The first launch of Europe's new Ariane 6 rocket has slipped into 2024 after an incomplete recent ground test, the head of the European Space Agency has suggested.
ESA and manufacturer Ariane Group, owned by Airbus and Safran, have been carrying out ground tests at the Kourou spaceport in French Guiana and in Germany for the new launcher, which is needed to fill a gap in space access after the retirement of Ariane 5 and recent failure of the smaller Vega C launcher.
Part of the last test run on 18 July - a short hot firing of the Vulcain 2.1 engine - was not completed and has been postponed to 29 August, ESA said last week in an invitation to a 4 September media briefing.
It added that 90% of July's objectives were met and further tests are scheduled for September.
"After this series of tests we plan to consolidate a launch date for Ariane 6," ESA Director General Josef Aschbacher told Reuters.
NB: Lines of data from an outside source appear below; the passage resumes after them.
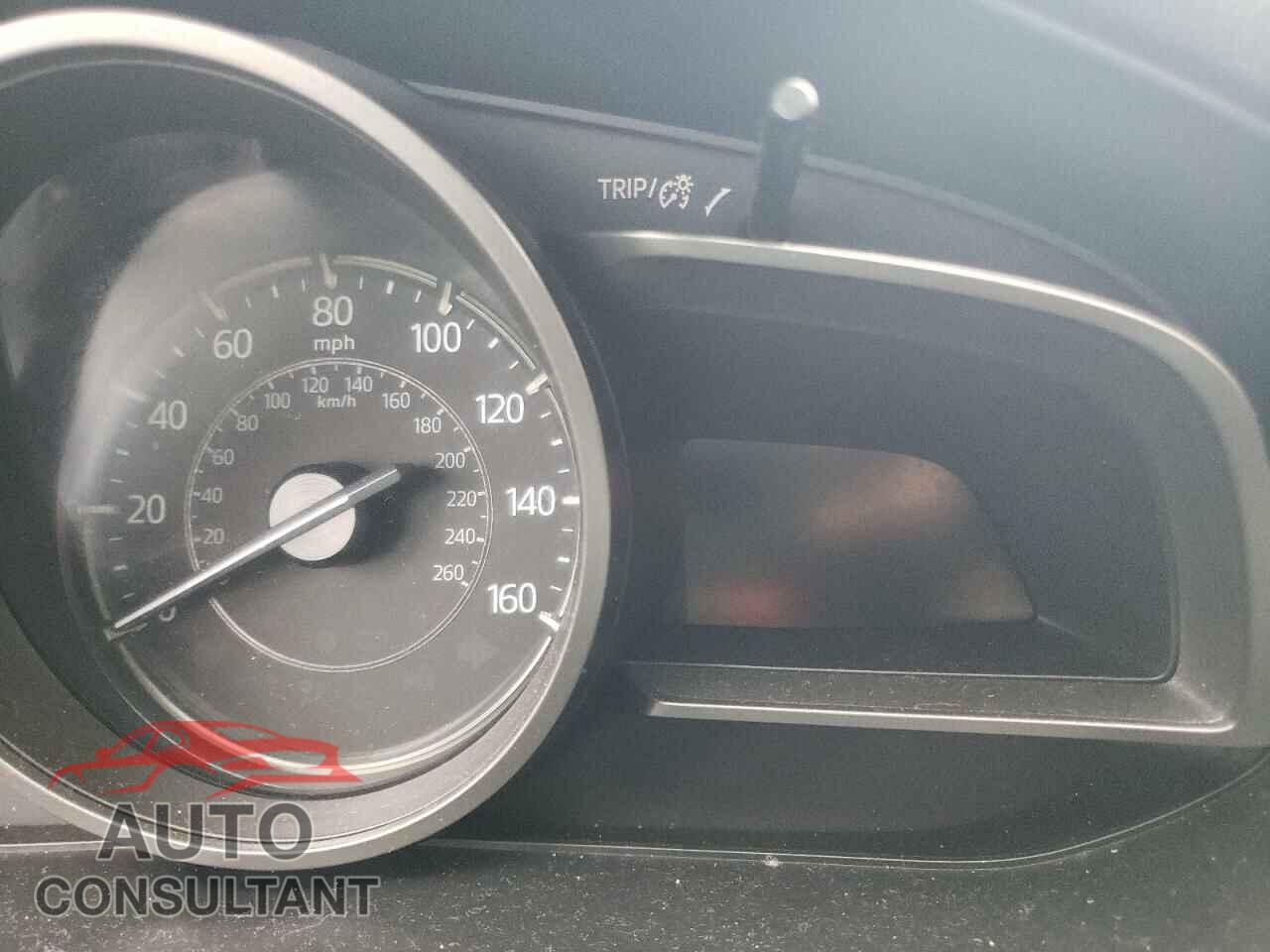 MAZDA 3 2017 - 3MZBN1V71HM130235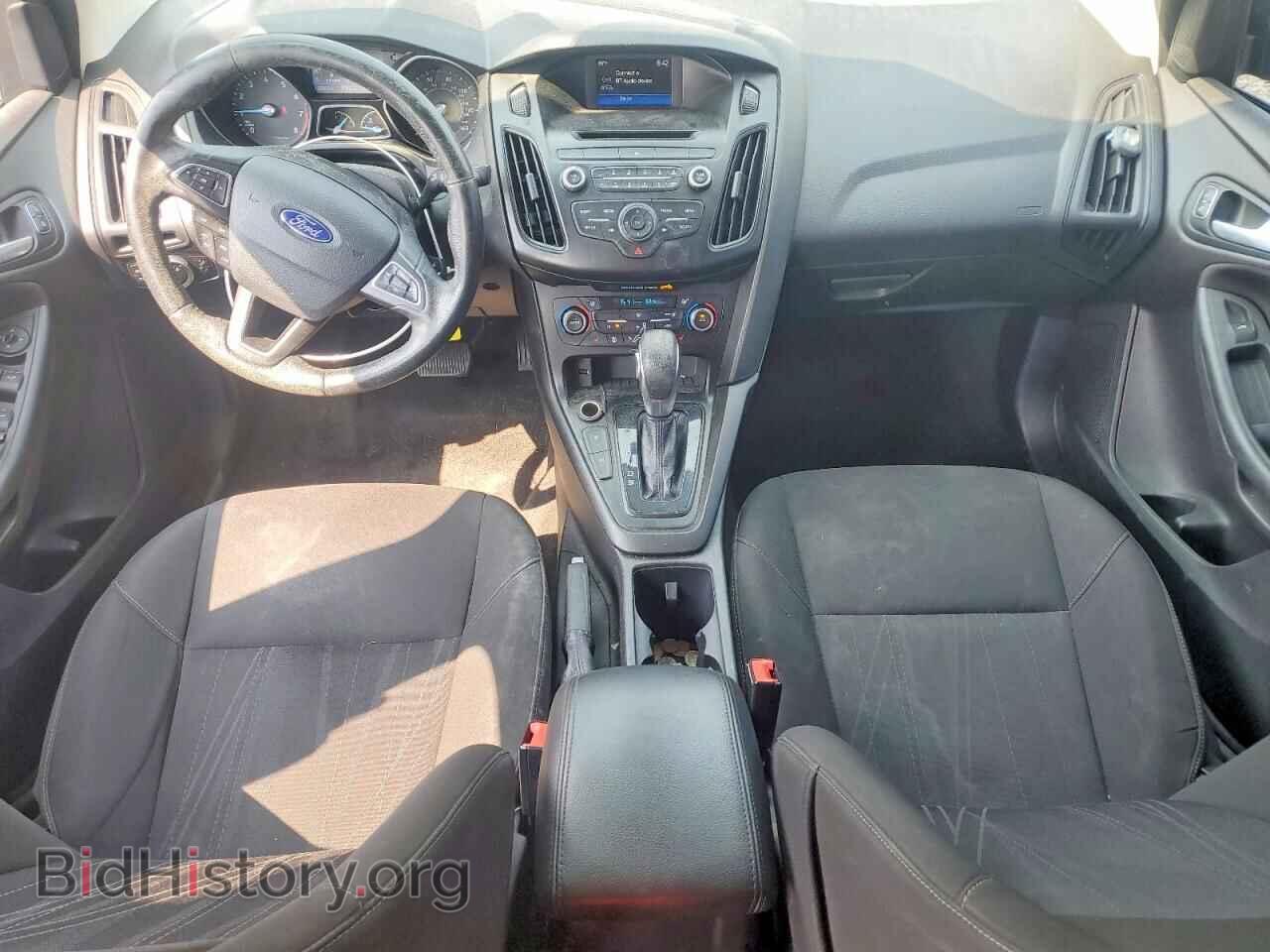 2017 FORD FOCUS - VIN: 1FADP3FE9HL334951 - Photo 8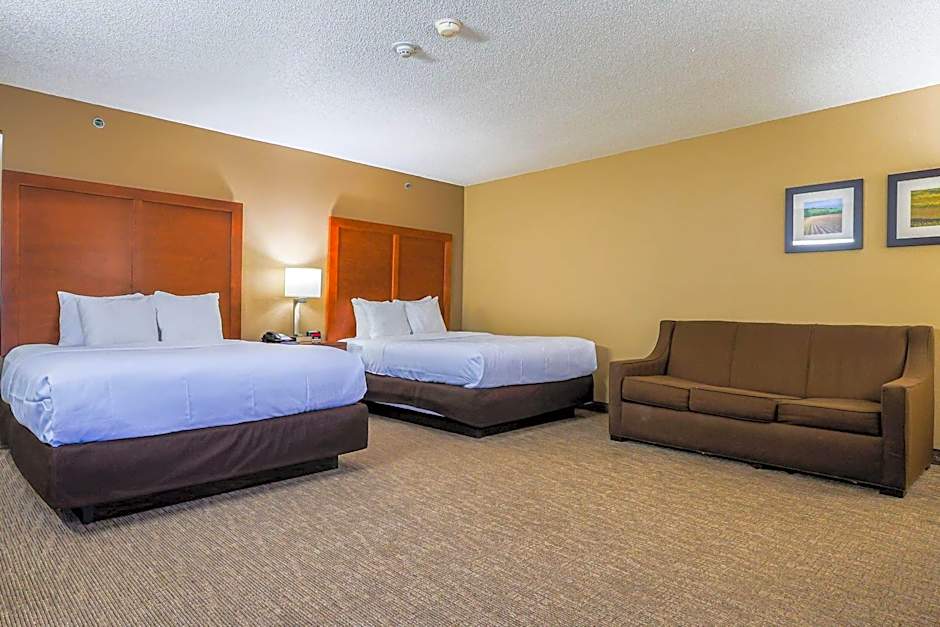 Comfort Inn Ottawa Kansas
Asked whether it was fair to assume that plans for a test launch before the end of the year were now out of reach, he said: "This is fair to say, yes".
In June, Airbus Chief Executive Guillaume Faury told the Paris Air Forum that first test launch of the new heavy Ariane 6 launcher was scheduled for the end of the year, but that this would depend on the progress of ground tests during the summer.
Dr Aschbacher was speaking during an interview in which he urged European politicians to ignore pressure to weaken climate targets, saying record heat waves and fires visible from space provided "really alarming" evidence of global warming.